Over 1,000 prisoners, mostly detainees held on remand, were held in often severely overcrowded and insanitary conditions in police cells. They had inadequate food and no access to reading or writing materials or radio or television. The conditions often amounted to inhuman and degrading treatment, provoking protests by inmates. Children aged between 14 and 17 years frequently shared cells with adults, although this was illegal. Several hundred convicted prisoners, who could not be transferred to congested prisons, were also detained illegally in police stations. From late November onwards some of these prisoners were moved to a new prison in Peqin, built with Italian funding and mainly for the accommodation of repatriated Albanians convicted in Italy.
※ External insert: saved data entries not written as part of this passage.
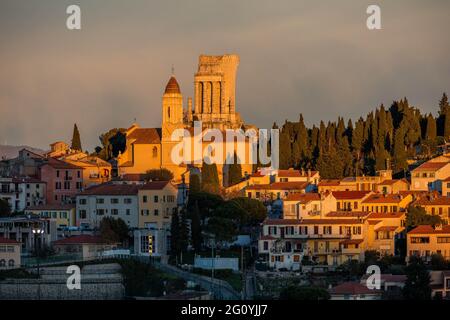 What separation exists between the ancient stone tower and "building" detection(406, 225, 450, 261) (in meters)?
27.5

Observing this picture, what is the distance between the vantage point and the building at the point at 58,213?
82500 mm

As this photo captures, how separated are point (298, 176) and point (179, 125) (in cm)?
666

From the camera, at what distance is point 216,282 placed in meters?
73.2

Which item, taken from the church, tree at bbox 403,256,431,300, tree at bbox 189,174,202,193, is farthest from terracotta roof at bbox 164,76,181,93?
tree at bbox 403,256,431,300

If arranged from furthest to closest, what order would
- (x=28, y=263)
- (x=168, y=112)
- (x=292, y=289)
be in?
(x=168, y=112), (x=28, y=263), (x=292, y=289)

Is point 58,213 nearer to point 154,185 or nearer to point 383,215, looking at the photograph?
point 154,185

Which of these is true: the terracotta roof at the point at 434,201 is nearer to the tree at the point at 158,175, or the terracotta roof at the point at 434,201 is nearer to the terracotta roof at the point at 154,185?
the terracotta roof at the point at 154,185

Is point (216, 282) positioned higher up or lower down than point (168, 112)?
lower down

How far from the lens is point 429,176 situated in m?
87.2

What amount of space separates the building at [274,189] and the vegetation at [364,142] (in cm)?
325

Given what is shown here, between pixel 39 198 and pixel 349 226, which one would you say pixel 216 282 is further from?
pixel 39 198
  • In June, 80 per cent of detainees held in Vlora police station were reportedly infected with scabies. Up to 125 were held in cells with capacity for 45. In August responsibility for the detention facilities at Vlora police station passed to the Ministry of Justice, the first step in a delayed government plan to improve conditions and transfer responsibility for all preventive detention facilities from the Ministry of Public Order to the Justice Ministry.
  • Mirdita district court set a precedent in August when it ordered Mirdita police station and the General Directorate of Prisons to pay Artan Beleshi 700,000 Albanian leks (about US$6,000) in compensation for detaining him in degrading conditions for over three years and for failing to transfer him to prison within the legal time limit following his conviction.

Domestic violence and trafficking

Traditional attitudes contributed to a high incidence of violence against women and children, particularly in rural areas. In September the UN Children's Fund (UNICEF) published findings that 40 per cent of women in 11 districts were regularly subjected to violence in the home. No legal provisions specifically prohibited domestic violence, and court decisions did not always reflect the gravity of the offence.

  • In October the National Council of Albanian Women protested at the leniency of a 16-month prison sentence imposed by Tirana District Court on Ruzhdi Qinami for the "honour killing" of his 17-year-old daughter. The court ruled that he had committed the murder in a state of severe psychological shock, after his daughter, betrothed by the family to one man, returned home late one night from a meeting with another.
Poverty, lack of education and family breakdown had a major role in the continued trafficking of women and children, primarily to Italy and Greece, for forced prostitution and cheap labour. The authorities increased efforts to arrest and prosecute offenders, but by the end of 2003 had brought only a small number of cases to court. In July, analysis reportedly showed that 80 per cent of prosecutions for trafficking for prostitution in the previous six months had failed because victims feared reprisals. An office providing free legal aid to victims was opened in Tirana. In June the government signed an agreement on witness protection with a number of international agencies, and in November approved a draft law on witness protection.

AI country visits

In April AI representatives visited Albania to conduct research.